:: EXTRACTED MATERIAL
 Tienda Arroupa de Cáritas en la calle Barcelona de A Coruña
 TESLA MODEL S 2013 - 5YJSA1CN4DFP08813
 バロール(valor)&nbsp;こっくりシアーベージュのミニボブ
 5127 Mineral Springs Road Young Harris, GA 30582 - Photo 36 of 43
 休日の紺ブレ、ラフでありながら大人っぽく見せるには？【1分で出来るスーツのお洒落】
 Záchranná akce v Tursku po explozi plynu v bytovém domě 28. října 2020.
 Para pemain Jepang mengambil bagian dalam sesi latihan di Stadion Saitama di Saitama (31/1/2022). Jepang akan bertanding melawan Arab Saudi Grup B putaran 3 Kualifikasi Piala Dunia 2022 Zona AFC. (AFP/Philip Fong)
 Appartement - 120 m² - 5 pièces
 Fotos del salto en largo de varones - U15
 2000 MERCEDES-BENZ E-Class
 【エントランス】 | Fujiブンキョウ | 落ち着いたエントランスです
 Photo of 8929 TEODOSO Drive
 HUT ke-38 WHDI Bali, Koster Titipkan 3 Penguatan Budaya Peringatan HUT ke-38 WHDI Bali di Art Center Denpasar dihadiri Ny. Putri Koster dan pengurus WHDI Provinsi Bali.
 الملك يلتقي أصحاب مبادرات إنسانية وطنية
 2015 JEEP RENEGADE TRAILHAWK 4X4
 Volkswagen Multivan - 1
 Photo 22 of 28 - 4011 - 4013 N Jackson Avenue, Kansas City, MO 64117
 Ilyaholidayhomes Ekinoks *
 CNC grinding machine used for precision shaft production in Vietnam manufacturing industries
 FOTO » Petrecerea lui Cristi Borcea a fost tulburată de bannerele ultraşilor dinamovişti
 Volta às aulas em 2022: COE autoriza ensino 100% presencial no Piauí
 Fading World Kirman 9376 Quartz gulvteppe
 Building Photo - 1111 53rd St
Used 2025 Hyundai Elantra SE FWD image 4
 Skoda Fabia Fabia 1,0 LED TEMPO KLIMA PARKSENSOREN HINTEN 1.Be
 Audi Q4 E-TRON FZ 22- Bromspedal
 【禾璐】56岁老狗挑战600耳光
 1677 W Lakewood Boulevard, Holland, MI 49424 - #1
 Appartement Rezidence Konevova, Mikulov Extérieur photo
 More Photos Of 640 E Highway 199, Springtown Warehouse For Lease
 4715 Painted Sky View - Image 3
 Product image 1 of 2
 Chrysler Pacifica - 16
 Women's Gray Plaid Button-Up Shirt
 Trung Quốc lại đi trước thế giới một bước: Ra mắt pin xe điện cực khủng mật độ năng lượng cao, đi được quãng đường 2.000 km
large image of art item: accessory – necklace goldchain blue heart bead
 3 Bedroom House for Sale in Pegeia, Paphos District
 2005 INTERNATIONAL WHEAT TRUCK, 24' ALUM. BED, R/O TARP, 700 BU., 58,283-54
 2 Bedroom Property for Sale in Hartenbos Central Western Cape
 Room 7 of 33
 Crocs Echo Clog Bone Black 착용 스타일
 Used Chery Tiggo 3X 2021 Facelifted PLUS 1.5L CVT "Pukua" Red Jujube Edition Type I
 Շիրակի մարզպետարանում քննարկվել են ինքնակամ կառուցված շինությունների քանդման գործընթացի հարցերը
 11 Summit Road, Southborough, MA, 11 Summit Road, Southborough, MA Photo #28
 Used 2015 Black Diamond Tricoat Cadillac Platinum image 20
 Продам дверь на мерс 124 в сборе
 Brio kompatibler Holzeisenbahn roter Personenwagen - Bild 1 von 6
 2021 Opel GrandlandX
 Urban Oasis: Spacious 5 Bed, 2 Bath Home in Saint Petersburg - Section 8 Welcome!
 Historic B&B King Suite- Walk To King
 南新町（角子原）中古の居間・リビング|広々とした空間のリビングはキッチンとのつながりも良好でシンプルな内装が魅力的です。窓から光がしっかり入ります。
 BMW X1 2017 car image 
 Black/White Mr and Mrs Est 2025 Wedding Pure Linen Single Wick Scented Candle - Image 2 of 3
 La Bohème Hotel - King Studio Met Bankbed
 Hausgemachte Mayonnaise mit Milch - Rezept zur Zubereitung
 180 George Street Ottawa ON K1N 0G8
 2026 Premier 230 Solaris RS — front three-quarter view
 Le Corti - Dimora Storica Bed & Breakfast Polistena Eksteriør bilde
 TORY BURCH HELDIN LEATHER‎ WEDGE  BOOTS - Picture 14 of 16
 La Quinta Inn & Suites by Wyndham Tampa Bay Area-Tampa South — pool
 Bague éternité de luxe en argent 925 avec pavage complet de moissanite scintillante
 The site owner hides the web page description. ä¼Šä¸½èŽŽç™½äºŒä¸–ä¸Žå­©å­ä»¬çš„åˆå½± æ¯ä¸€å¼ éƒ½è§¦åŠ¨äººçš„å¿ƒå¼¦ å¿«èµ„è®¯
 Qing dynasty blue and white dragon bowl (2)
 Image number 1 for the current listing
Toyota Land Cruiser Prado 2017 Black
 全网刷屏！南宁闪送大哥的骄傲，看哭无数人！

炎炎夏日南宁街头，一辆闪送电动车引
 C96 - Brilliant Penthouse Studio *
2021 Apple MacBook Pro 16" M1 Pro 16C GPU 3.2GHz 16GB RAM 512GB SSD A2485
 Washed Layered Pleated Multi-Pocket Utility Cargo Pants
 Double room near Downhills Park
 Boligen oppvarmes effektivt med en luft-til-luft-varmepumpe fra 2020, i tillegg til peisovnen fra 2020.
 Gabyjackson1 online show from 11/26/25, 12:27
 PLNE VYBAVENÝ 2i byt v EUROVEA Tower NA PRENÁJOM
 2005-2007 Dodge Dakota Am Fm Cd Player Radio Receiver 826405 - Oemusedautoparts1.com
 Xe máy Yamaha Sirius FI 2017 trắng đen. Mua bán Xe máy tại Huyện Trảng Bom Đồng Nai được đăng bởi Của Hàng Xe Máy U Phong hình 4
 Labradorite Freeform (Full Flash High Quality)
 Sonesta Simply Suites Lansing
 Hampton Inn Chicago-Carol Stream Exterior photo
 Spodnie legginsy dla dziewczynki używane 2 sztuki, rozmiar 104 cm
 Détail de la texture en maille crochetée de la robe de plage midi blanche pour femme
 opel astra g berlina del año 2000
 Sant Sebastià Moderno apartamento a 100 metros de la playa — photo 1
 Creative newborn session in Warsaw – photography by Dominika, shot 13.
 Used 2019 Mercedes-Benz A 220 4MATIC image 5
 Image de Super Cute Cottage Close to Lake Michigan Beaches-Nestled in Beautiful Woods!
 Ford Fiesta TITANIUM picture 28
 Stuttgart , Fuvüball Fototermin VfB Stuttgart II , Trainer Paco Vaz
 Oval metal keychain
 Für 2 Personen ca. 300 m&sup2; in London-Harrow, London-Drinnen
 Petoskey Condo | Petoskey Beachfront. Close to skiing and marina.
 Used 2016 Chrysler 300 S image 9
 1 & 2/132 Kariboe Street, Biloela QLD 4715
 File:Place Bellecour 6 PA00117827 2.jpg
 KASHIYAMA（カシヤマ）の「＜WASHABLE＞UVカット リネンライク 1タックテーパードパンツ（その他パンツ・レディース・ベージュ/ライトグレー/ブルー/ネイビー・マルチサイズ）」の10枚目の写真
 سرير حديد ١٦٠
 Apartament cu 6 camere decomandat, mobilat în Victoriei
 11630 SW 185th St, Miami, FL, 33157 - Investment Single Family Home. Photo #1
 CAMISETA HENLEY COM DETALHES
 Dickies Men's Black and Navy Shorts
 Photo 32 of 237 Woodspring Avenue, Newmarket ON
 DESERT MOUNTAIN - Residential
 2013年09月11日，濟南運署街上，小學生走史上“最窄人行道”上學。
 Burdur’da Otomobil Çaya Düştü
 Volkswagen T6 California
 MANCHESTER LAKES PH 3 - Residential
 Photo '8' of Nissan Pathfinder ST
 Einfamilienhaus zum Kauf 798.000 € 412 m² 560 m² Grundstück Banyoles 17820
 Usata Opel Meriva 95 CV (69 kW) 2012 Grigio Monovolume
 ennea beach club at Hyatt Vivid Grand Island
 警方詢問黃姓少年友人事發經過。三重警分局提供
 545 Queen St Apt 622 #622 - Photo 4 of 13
::::
§ **EXERCISE AIM**:
Output the lines from the one with "11630 SW 185th" through the end of the records above, exactly, including both ends, and nothing besides.

§ **WRITTEN ANSWER**:
 11630 SW 185th St, Miami, FL, 33157 - Investment Single Family Home. Photo #1
 CAMISETA HENLEY COM DETALHES
 Dickies Men's Black and Navy Shorts
 Photo 32 of 237 Woodspring Avenue, Newmarket ON
 DESERT MOUNTAIN - Residential
 2013年09月11日，濟南運署街上，小學生走史上“最窄人行道”上學。
 Burdur’da Otomobil Çaya Düştü
 Volkswagen T6 California
 MANCHESTER LAKES PH 3 - Residential
 Photo '8' of Nissan Pathfinder ST
 Einfamilienhaus zum Kauf 798.000 € 412 m² 560 m² Grundstück Banyoles 17820
 Usata Opel Meriva 95 CV (69 kW) 2012 Grigio Monovolume
 ennea beach club at Hyatt Vivid Grand Island
 警方詢問黃姓少年友人事發經過。三重警分局提供
 545 Queen St Apt 622 #622 - Photo 4 of 13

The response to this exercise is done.